Americans are leaving behind single-faith identities. According to a 2009 study by the Pew Forum on Religion and Public Life, almost one quarter of all Americans attend religious services of more than one faith or denomination. Interfaith marriages are increasingly common, with families who are Jewish-Christian constituting the first great wave of religious intermarriage. Clergy often argue that children raised with two faiths will be confused, and oftentimes one religion takes precedence over another in an effort to minimize conflict. Choosing one religion works for many families, but not all of them. After conducting a survey of parents who joined interfaith communities and put their children in interfaith education programs, I believe that celebrating two religions can enrich and strengthen families and greatly benefit children. Being both is not simply a compromise or negotiated settlement, but a positive, inspirational choice. Here’s why:
1. It Promotes Transparency About Differences.
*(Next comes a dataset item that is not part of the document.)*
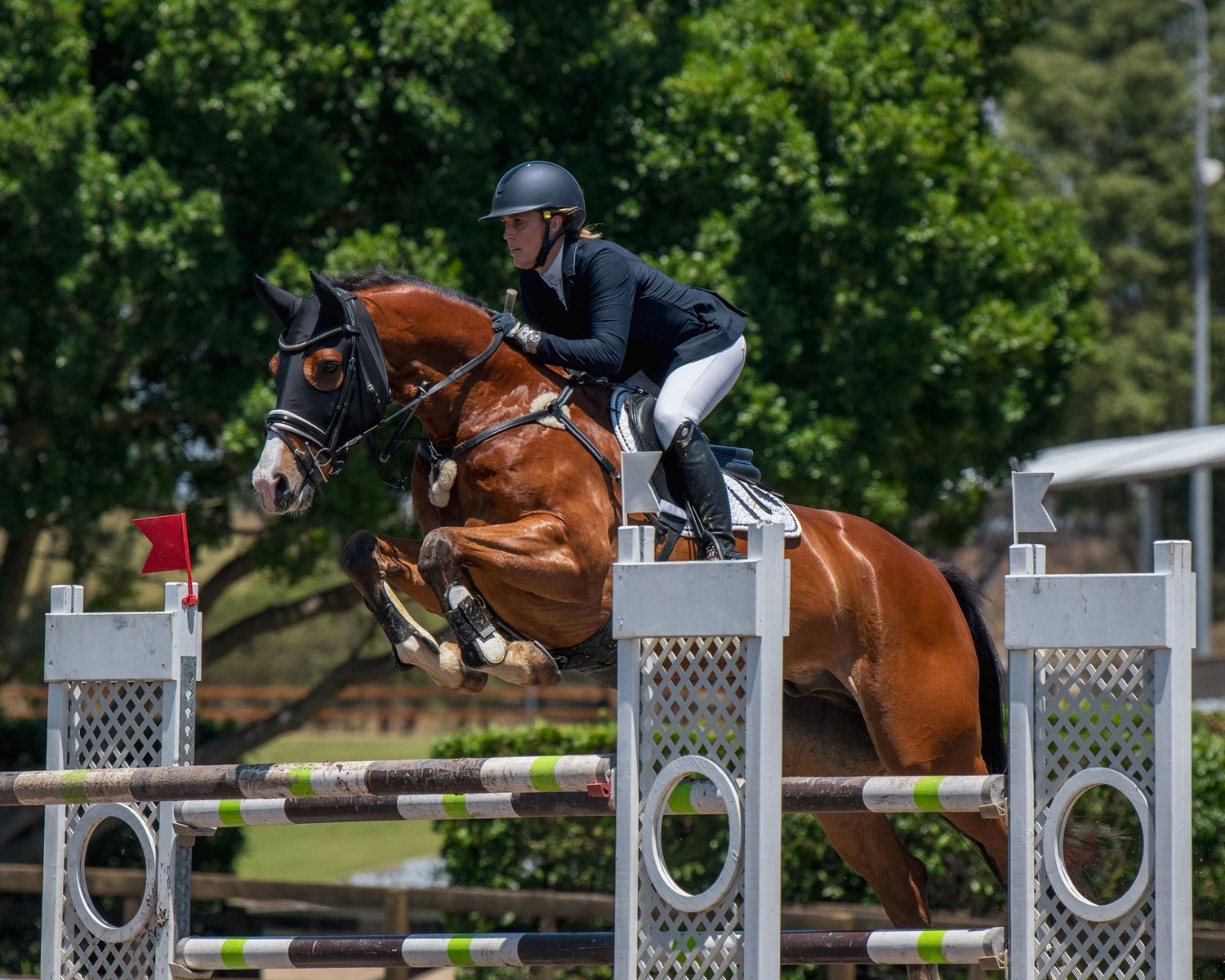 Equestrian rider in black jacket jumping a bay horse over a show jumping fence at an outdoor competition.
Neither parent’s religion is being suppressed, so children are less likely to feel confusion, guilt or even resentment on behalf of the “out-parent.” Meanwhile, interfaith children trying to formulate an identity as solely Jewish or solely Christian often struggle against society’s assumptions about their religion, based on physical characteristics, name, and extended family. An interfaith child raised Jewish may be presumed otherwise because of brown skin or even blond hair. An interfaith child raised Catholic, but whose last name is Cohen, will be presumed to be Jewish. Children allowed to identify equally with both sides of the family may more easily integrate the reality of their hair, their name, and even their grandparents. And while the children must learn to integrate two worldviews, as rebellious teens and young adults, they often appreciate the respect their parents show them by allowing them to make their own decisions. “No one is dictating to me what to believe and what not to,” reports a thirteen-year-old girl in the Washington interfaith group.
2. It Encourages Family Unity.
Families who choose to raise their children in an interfaith community often cite unity as one of their reasons for doing so. In my survey, 48 percent of adult respondents, over one hundred of them, responded that one of their reasons for joining an interfaith community was that they didn’t want one spouse to feel left out. In an interfaith setting, both parents have equal status. Both parents can sit at a gathering or holiday celebration with the children, and neither will feel like a guest. There is never a question of who can hold the Torah, who can say a blessing. Ideally, when a family chooses both, it means parents also take on equal responsibility in transmitting culture and beliefs to the children. If a Christian wife is toting the kids to Hebrew school, at least she knows she can also tote them to Mass. It also means that while both parents may be sacrificing some of their traditions because of time and logistical constraints, neither parent is being asked to sacrifice everything.
3. It Gives Extended Family Equal Weight.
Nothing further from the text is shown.